By combining Qloo’s Taste AI with Google Gemini and a lightweight frontend architecture, Appmuseme builds day-by-day itineraries aligned with who you are, not just where you’re going.

🧠 Features & Functionality

  • ✈️ Taste-powered travel itinerary builder
  • 🧬 AI parses your input into structured cultural preferences
  • 🌐 Uses Qloo’s cross-domain taste graph to fetch experiences
  • 📍 Suggests hyper-personalized venues, neighborhoods, and events
  • 🎶 Generates playlists, reading lists, and city vibe maps
  • ⚡ Fast, single-layer architecture using only frontend + LLM

🛠️ Technology Stack

Frontend

APIs & AI Models

📡 Installation & Setup

  1. Clone the repo

  2. Set up your environment variables:

    cp .env.example .env
    
    # Add your API keys:
    # - QLOO_API_KEY
    # - QLOO_API_URL
    # - GEMINI_API_KEY
  3. Install dependencies and run:

    pnpm install
    pnpm dev

🧠 Inspiration

We wanted to reimagine how people travel — not by search trends or tourist traps, but by what they actually love. Our inspiration came from the question:

"What if you could plan a trip based on your taste in music, books, and style — instead of Tripadvisor rankings?"
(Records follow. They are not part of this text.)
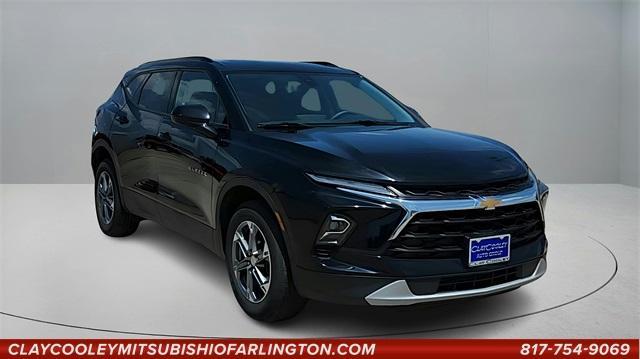 used 2023 Chevrolet Blazer car, priced at $24,991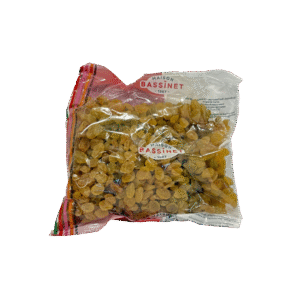 Nougat Tendre Crème Brûlée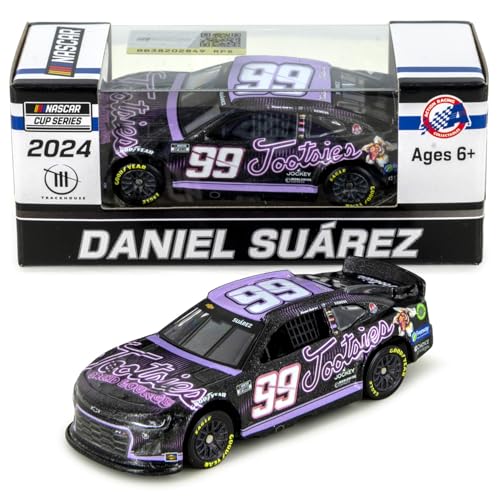Vehículo a escala 1:64 Daniel Suarez Lionel Racing miniatura 1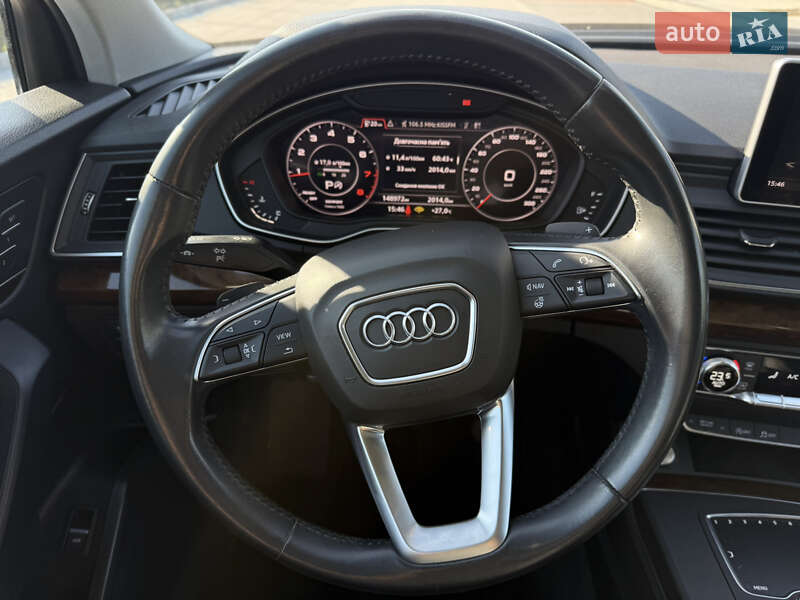 Внедорожник / Кроссовер Audi Q5 2019 в Киеве фото 12 Внедорожник / Кроссовер Audi Q5 2019 в Киеве
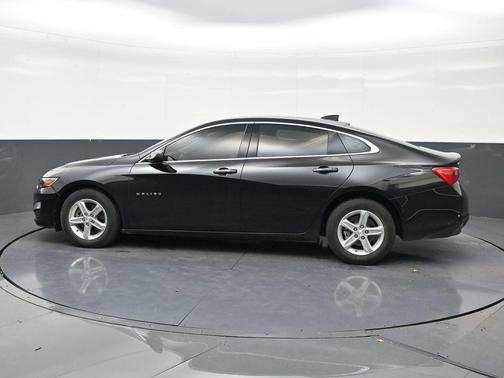 Mosaic Black Metallic 2024 Chevrolet Malibu 1LS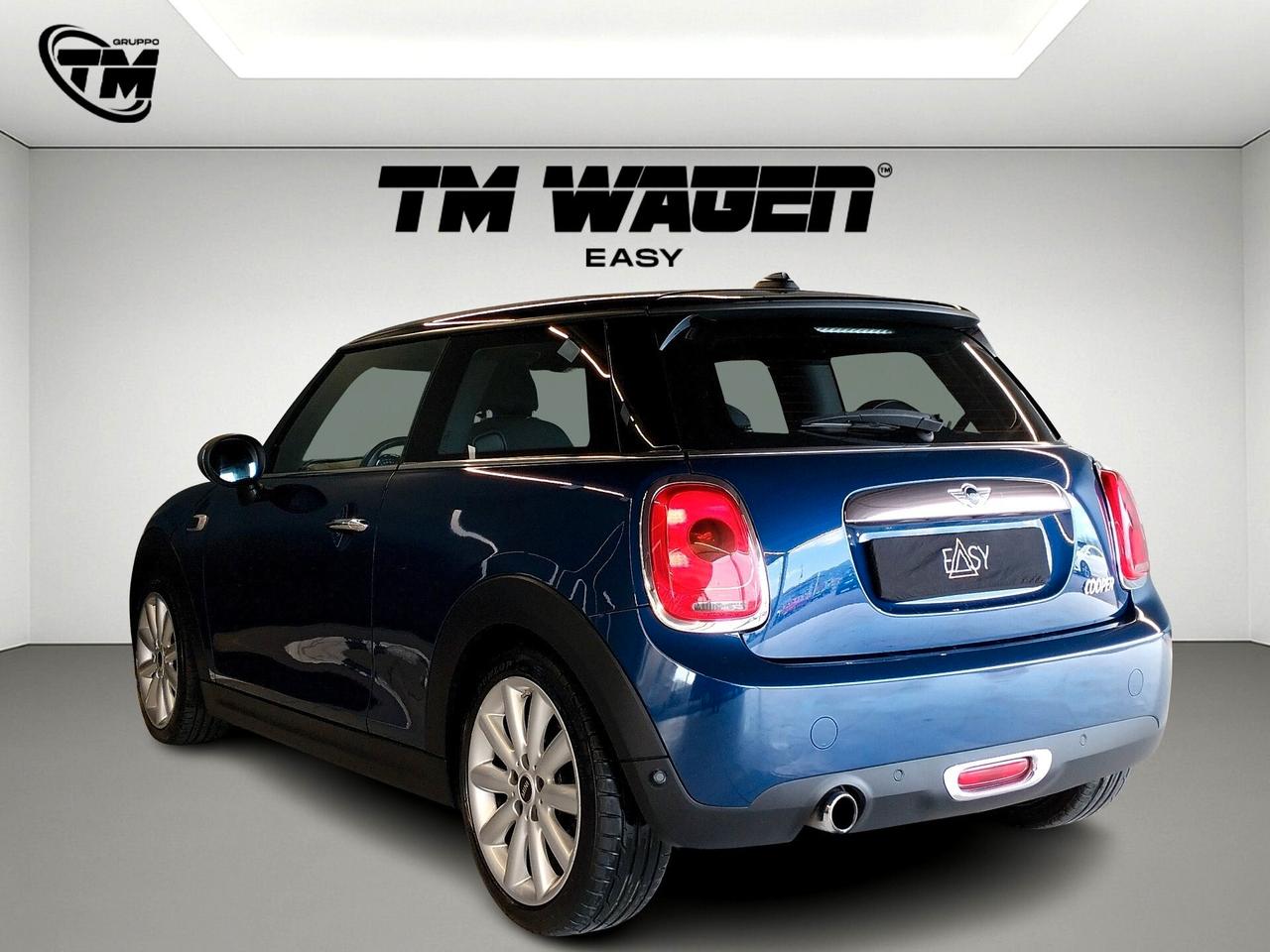 Mini 1.5 Cooper - NEOPATENTATI - TAGLIANDI MINI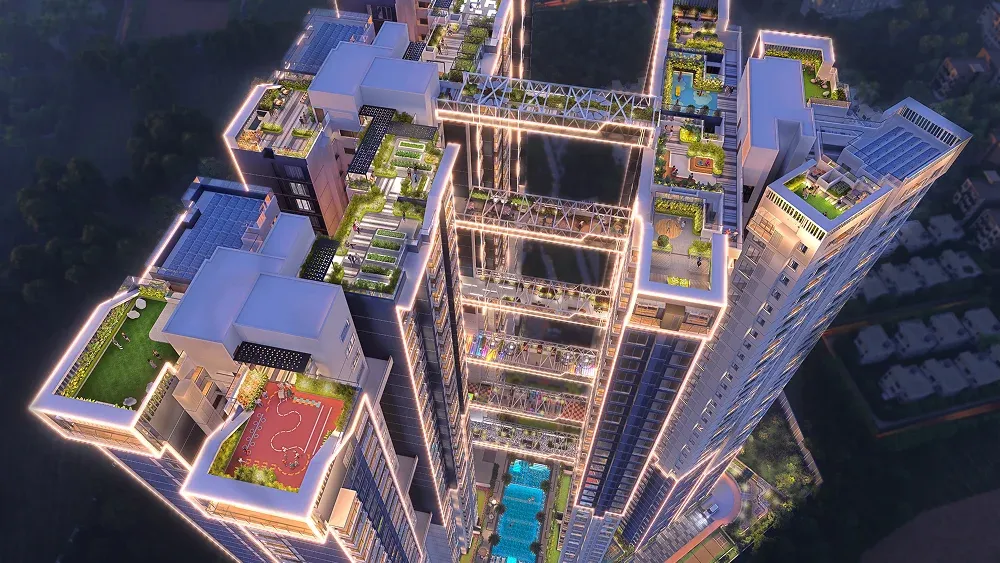 Fortune Primero Seven Sarjapur Floor Plans: 2, 3 and 4 BHK homes. Fortune Primero Seven Sarjapur Floor Plans: 2, 3 and 4 BHK homes.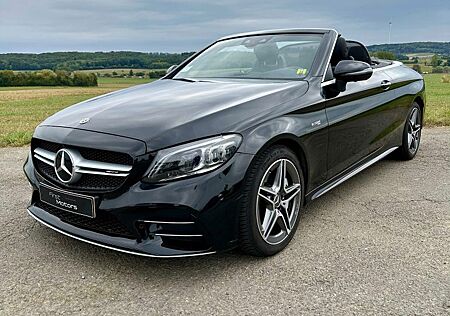 Mercedes-Benz C 43 AMG C43AMG Cabrio*Headup*Burmest*360°Kamera*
With Qloo's cultural graph and modern LLMs, that vision became real.

⚙️ How I Built It

Built entirely in Next.js using Vercel AI SDK to interface directly with Google Gemini

Custom prompts parse user taste input and call the Qloo API for culturally-aligned discovery

Results are synthesized into a structured itinerary based on user intent and taste

❗ Challenges We Ran Into

  • Tuning prompts to extract structured cultural preferences from freeform input

  • Mapping broad Qloo recommendations into localized, day-by-day suggestions

  • Handling edge cases where user tastes or destinations lacked direct Qloo matches

  • Designing a frontend that feels personal, smart, and easy to use

✅ Accomplishments That I'm Proud Of

Designed a taste-first travel planning experience using just frontend and LLMs

Integrated real cultural intelligence from Qloo into a production-grade app

Delivered a complete end-to-end travel planner powered by AI and taste graphs

Created a UX that helps users feel seen — not just served generic suggestions

📚 What I Learned

  • How to design LLM prompts that reflect taste, mood, and personality

  • How Qloo’s API works across domains (e.g. music to food to neighborhoods)

  • Why simplicity in architecture (LLM + frontend) can outperform full backend systems for certain flows

  • How to fuse design + data for culturally meaningful results

🔮 What's Next for Appmuseme

  • 👫 Group trip planning (merge tastes from multiple users)

  • 🧳 Taste-based destination suggestions: “Where should I go based on who I am?”

  • 🌐 Add neighborhood intelligence with Mapbox or Google Places

  • 📱 Launch iOS/Android PWA version

  • 💼 Explore partnerships with travel apps or cultural brands

🔧 Troubleshooting

Common Issues

Qloo API returning empty results:

  • Check that QLOO_API_KEY and QLOO_API_URL are correct

  • Confirm that your taste terms exist within Qloo’s domain taxonomy

Gemini failing to return structured results:

  • Review and refine your system prompt

  • Ensure inputs are clearly separating destination, tastes, and mood

Getting Help

  1. Review prompt logs (if debugging is enabled)

  2. Check browser console logs for API response issues

  3. Ensure API keys are valid and active

📝 License

This project is licensed under the MIT License. See the LICENSE file for details.